I looked into the audience for my partner (an officer I’d known since the academy and one with whom I’d shared many adventures) and upon making eye contact, he slowly nodded, prompting me to quite distinctly lean forward and utter my name into the thin, “Price is Right” microphone. “Officer Alex Teach,” I said, leaning back. I glanced back at my partner for approval, which was granted with the slow blink of his eyes.
The attorney observed this wordlessly, and continued. “And how long have you been with the police department?” I paused and again sought my partner’s face before I slowly leaned forward again and answered, “Three years.” Another slow blink on his part. The attorney noticed, and again said nothing.

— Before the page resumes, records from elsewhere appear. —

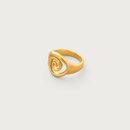 Spiral Wave Ring
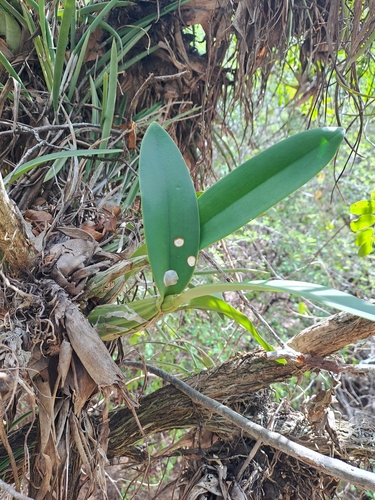 Myrmecophila humboldtii, photograph 2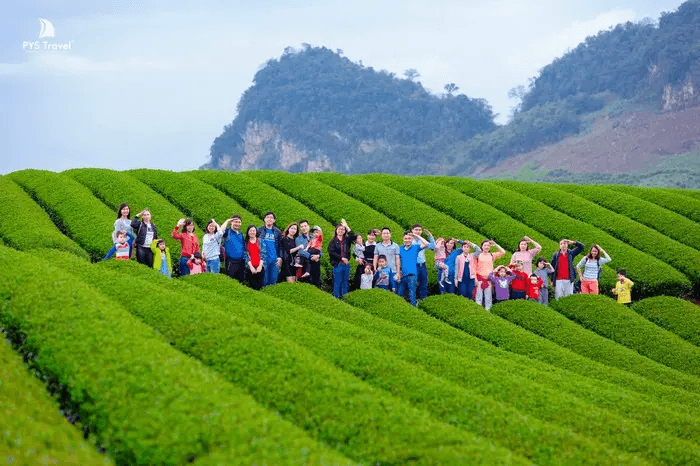 đồi chè trái tim mộc châu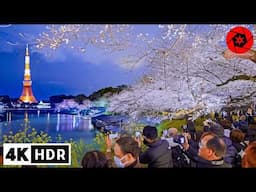 Sakura Blooming at Tokyo's Imperial Palace 2025 - 4K HDR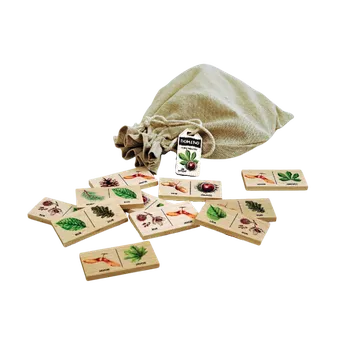 Dřevěná hračka Edukační domino - lesní dřeviny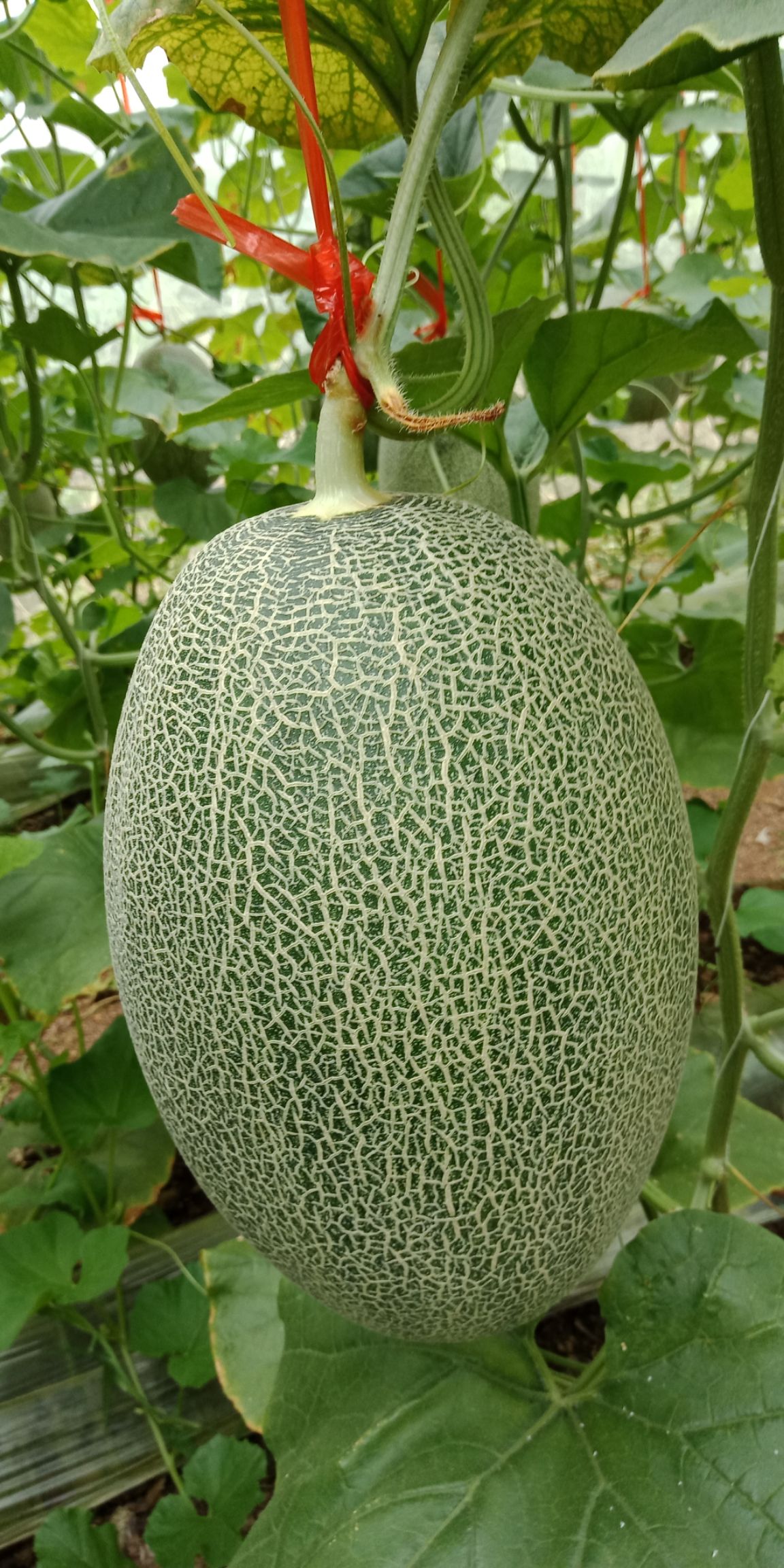  哈密瓜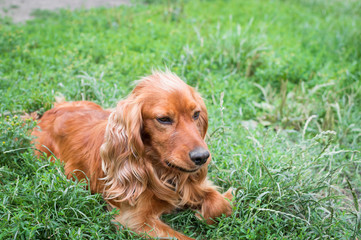 Brown dog in the grass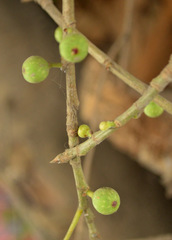 Ficus ingens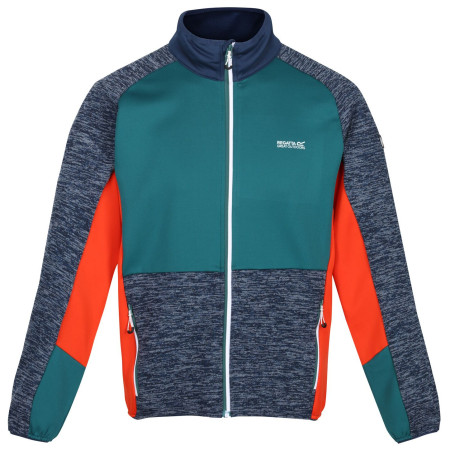 Чоловіча толстовка Regatta Coladane IV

“OK,” he said, this time shifting an unintentional glance back at my partner as he walked towards me. “So you were assigned by dispatch on the night in question to answer a call at my client’s address in the Winterhaven subdivision. Is that correct?” I paused, made eye contact with my partner, and now counted to three before leaning forward, glancing both left and right before I ultimately said, “Uh, that’s correct.” My partner again slowly closed his eyes.

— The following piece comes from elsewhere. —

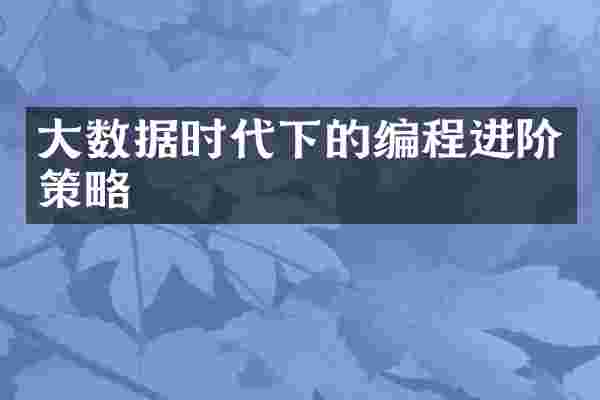 大数据时代下的编程进阶策略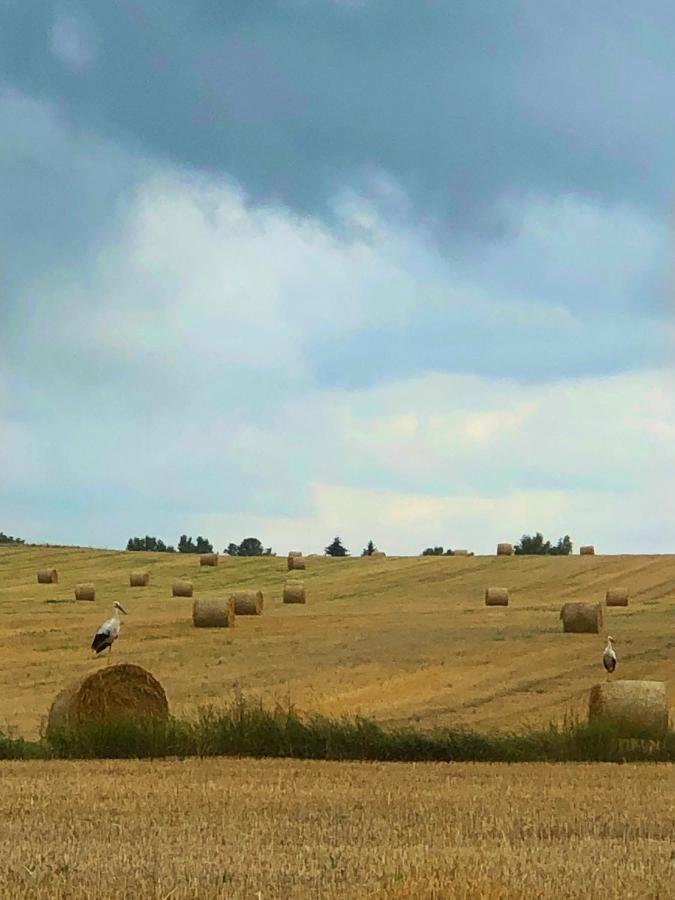 Agroturystyka „Nadbuzanski Swit” Wola Uhruska Extérieur photo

The defense attorney now looked from my partner to me and squinted. “Had you ever been to this address before?” he asked. I looked over, subtly nodded, and paused again before leaning forward, counting to three, and saying, “Uh…that’s correct.”
“Officer,” the defense attorney said. “Is there something of interest in the audience we should know about? Something you’d maybe like to share?” I allowed my eyes to grow large, then again sought out my partner’s gaze (he showed nothing) and leaned forward, counting to three, before saying, “Uh…that’s negative.” I said this uncomfortably close to the mic as I had been doing all along. My voice sounded incompetent, but it was awkwardly booming; the attorney again squinted his eyes and his jaws now visibly flexed.
Success. The hook, as they say, had been set.
Any question, no matter how mundane (and of course the more mundane, the better), needs only a subtle pause to throw off someone’s pace. A good attorney knows what he or she is going to say, how to get you to give them that opportunity, and he or she is prepared to capitalize on any opportunities that present themselves during the course of questioning.
A bad attorney also knows what he or she is going to say but isn’t so good with this seizing of opportunities because they are so focused on their script, and as such are often victims (if not slaves) to it. And in this? I considered it an opportunity. (For what, I had no real idea.)
Being a charitable fellow and also an eternal teacher at heart, I believed I was pre-determined to “help” them by destroying any semblance of rhythm on their part. Best-case scenario, I help them; worst case, I don’t, but at least leave amused as shit. And in reality, I usually left amused as shit either way. (The goal of course being to get them to be less reliant on their script, but now that I look back on it…it was clearly just another way of f#%*ing off and in the boldest of areas.)
“Officer, are you screwing around with me here?” the attorney said, and now the judge finally showed signs of life at this aggression.
I paused, looked into the audience…then leaned in, and said, “Uh, that’s negative.” This time I looked over at the judge, frowned, and shrugged my shoulders…the epitome of innocent-stage-struck-new-cop, which solicited compassion from the judge who now intervened…but on my behalf, to the further annoyance of the defense attorney who by now couldn’t remember what he’d eaten for breakfast, much less his strategy.
Three minutes into testimony: I was, indeed, amused.